The 'winter period' came to an end in 1918 as the stringent repression on left-wing movements imposed by the Japanese government was challenged by growing social unrest. During the First World War, Japanese industry rapidly expanded, and combined with inspiration by the 1917 Russian Revolution, this led to a huge growth in the labour movement. More than 66,000 workers engaged in labour disputes, despite the fact that strikes were still technically illegal. Inflation had also led to economic unrest in the form of the rice riots of 1918. The persecution of anarchist activists did not end in 1918, but it was no longer as all-encompassing as it had been in the years before.

The growing labour unions were met with enthusiasm from the anarchist movement, and quickly gained a foothold. Ideologically, anarchists favoured a decentralised structure for unions, which was met with resistance from the other factions within the unions: the reformists, who led most unions early on; and Japanese Bolsheviks, who sought to emulate the revolution achieved by Vladimir Lenin. The core of the anarchist union movement was in the printworkers' unions, which had a combined membership of 3,850 by 1924.

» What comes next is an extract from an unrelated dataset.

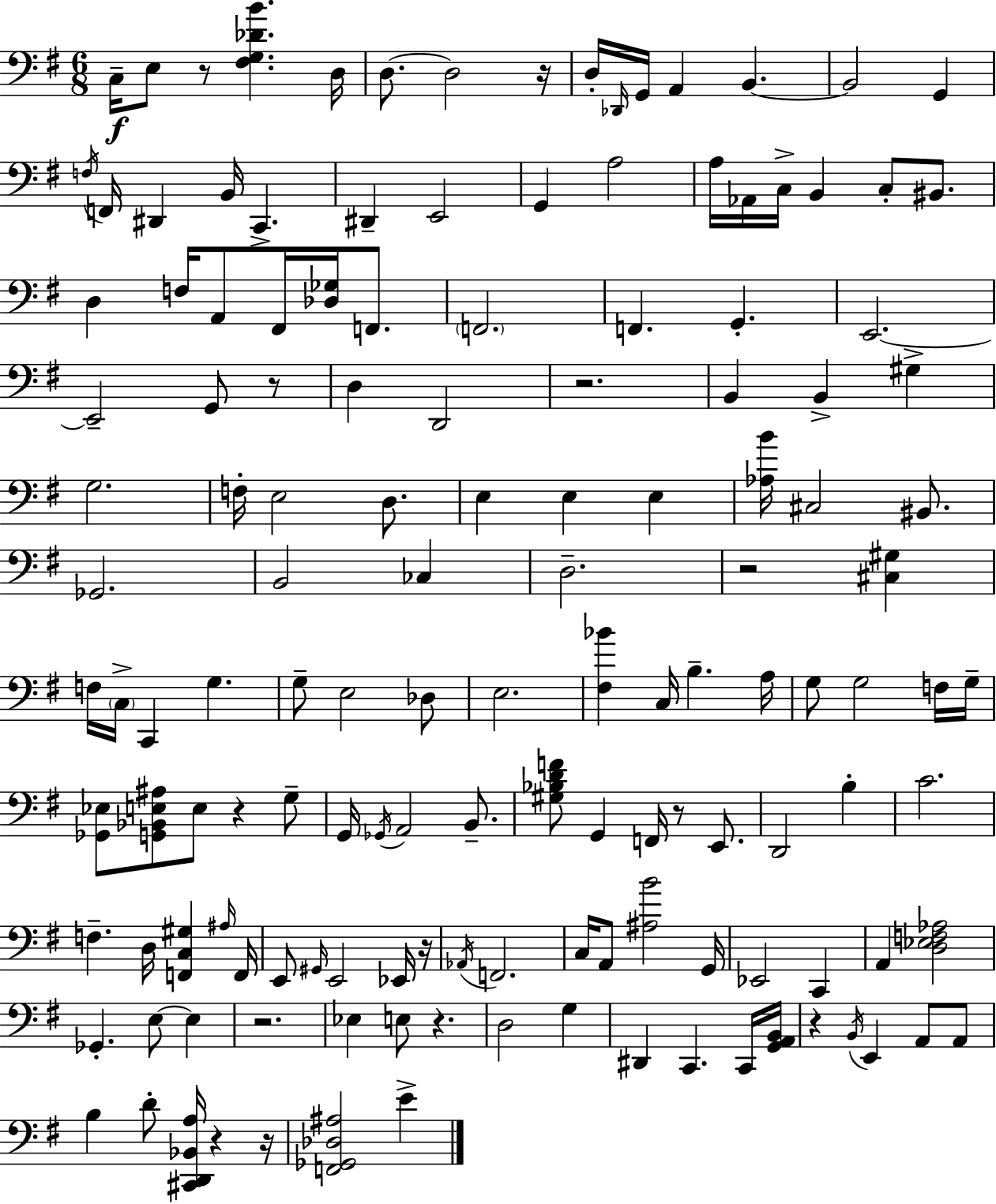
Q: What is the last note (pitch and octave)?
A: E4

In the early 1920s, anarchists were somewhat willing to cooperate with the Bolshevik faction, due to an (albeit limited) ideological affinity. Kanson Arahata was among those anarcho-syndicalists who had turned to bolshevism after 1917, and was later personally involved in the 1922 founding of the Japanese Communist Party. These connections enabled joint projects between the two factions, such as a joint labour union alliance and joint demonstrations on May Day 1920. Another such connection was through the Rōdō Ūndō journal, launched by Ōsugi Sakae in October 1919 to report on and encourage the labour movement. In 1920, the Comintern itself helped to fund the journal for its second series of publication in 1921.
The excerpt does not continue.